Content starts

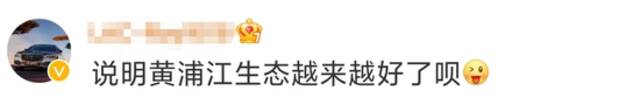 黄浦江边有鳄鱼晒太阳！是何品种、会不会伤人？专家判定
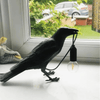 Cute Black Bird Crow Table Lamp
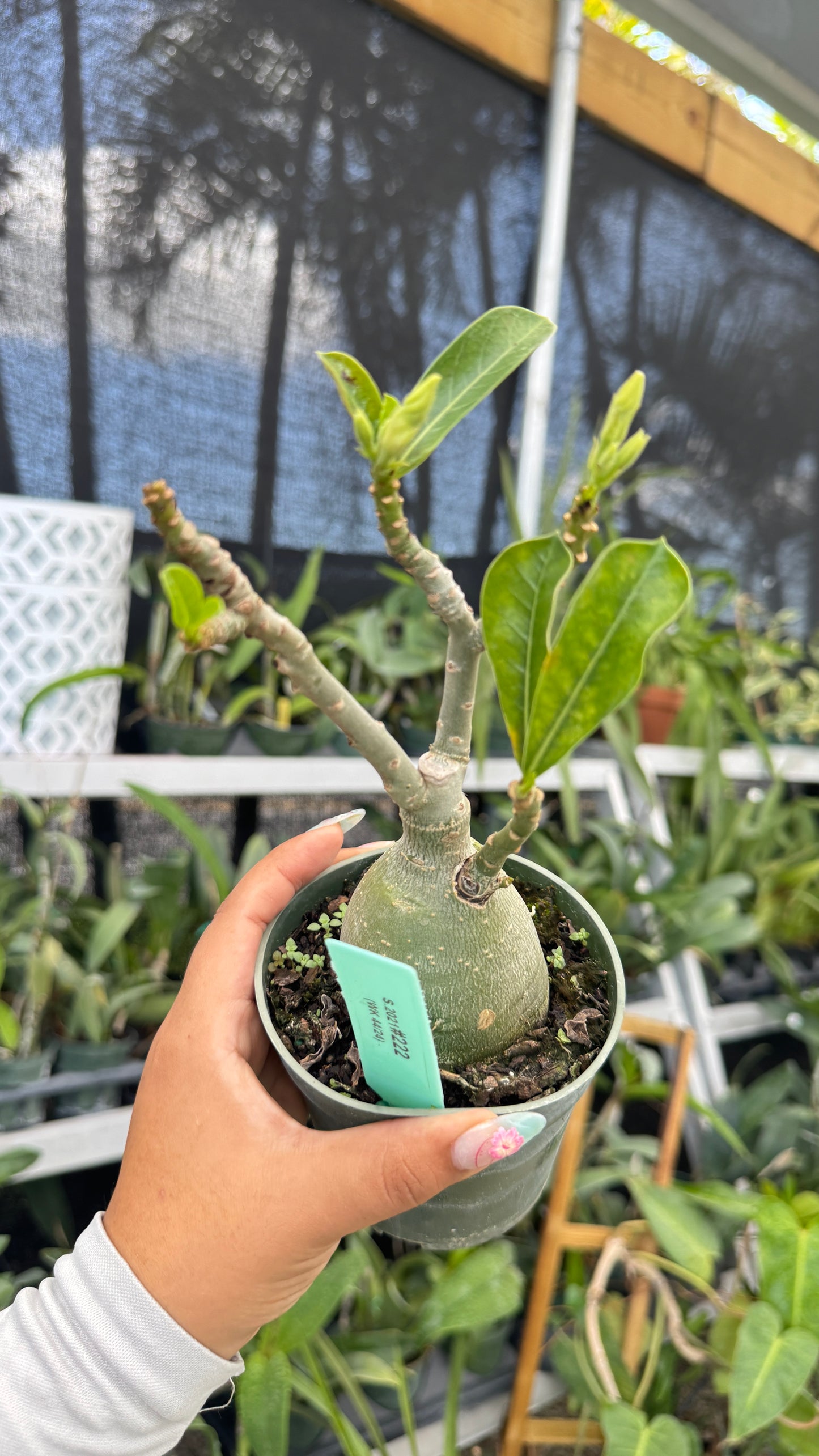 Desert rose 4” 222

Content ends
Content starts

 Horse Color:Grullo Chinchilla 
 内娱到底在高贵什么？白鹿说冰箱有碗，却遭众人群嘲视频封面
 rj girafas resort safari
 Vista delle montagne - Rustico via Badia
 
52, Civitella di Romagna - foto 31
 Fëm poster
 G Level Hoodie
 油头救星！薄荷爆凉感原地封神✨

Content ends

_WHAT YOU ARE ASKED TO DO_
Nothing but the lines above from the one containing "内娱到底在高贵什么？白鹿说冰箱有碗，却遭众人群嘲视频封面" through the one containing "油头救星！薄荷爆凉感原地封神✨" should appear in the answer, each repeated exactly.

_WRITTEN RESPONSE_
 内娱到底在高贵什么？白鹿说冰箱有碗，却遭众人群嘲视频封面
 rj girafas resort safari
 Vista delle montagne - Rustico via Badia
 
52, Civitella di Romagna - foto 31
 Fëm poster
 G Level Hoodie
 油头救星！薄荷爆凉感原地封神✨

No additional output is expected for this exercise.